Festival for peace
THE incongruities that exist in Pakistan would be fascinating had they not highlighted serious divisions and issues. Consider, for example, the fact that at the Sindh festival that kicked off in Moenjodaro on Saturday, security arrangements saw 2,000 policemen guarding some 500 guests. Although interior Sindh has not been as affected by militancy as many other parts of the country, it is difficult to deny that the risk is always there and for events such as the festival, all efforts have to be made to deter any potential threat. Then, there is the matter of the location itself. The site, also known as the Mound of the Dead, is some 5,000 years old and the remnant of one of the oldest urban societies in the world, the Indus Valley Civilisation. As the weekend started, it featured folk dancers and singers in festive dress, an effort, according to PPP leader Bilawal Bhutto Zardari — the face of the event — to promote peace in the country.
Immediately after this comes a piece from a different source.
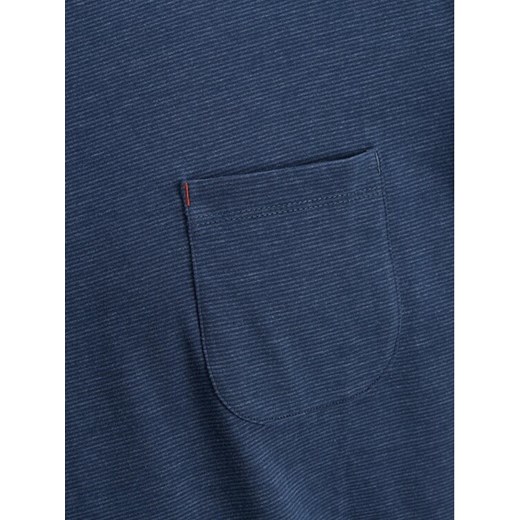 Jack&Jones PREMIUM T-Shirt Bludexter 12183543 Niebieski Regular Fit Jack&jones Premium XXL MODIVO okazja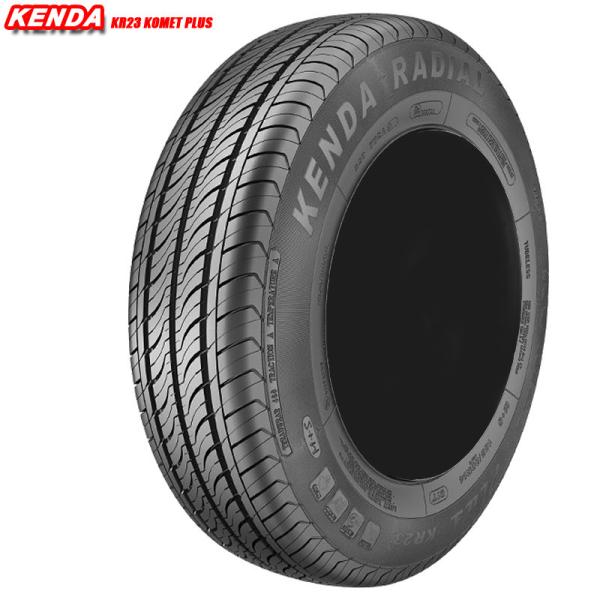 4本セット 送料無料 145/80R13 ケンダ KR23 コメットプラス KENDA KR23 K...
For understandable reasons, the choice of location has come under strong criticism, with many arguing that holding such an event on a Unesco-listed world heritage site is irresponsible. The organisers maintain that the site is in no danger since the stage, lights and other arrangements are not permanent and no digging has taken place. Time will tell what the consequences will be, and it can only be hoped that the organisers of the festival thought the plan through carefully and that the event doesn’t set a precedent that sees endangered historical sites being used in a careless fashion. That said, there can be no doubt that events such as these are sorely needed in a state that appears unable or unwilling to take on challenges that pose grave risk to its own existence. Those who keep going deserve support, for the effort to maintain a semblance of normality is an essential part of countering the militancy threat.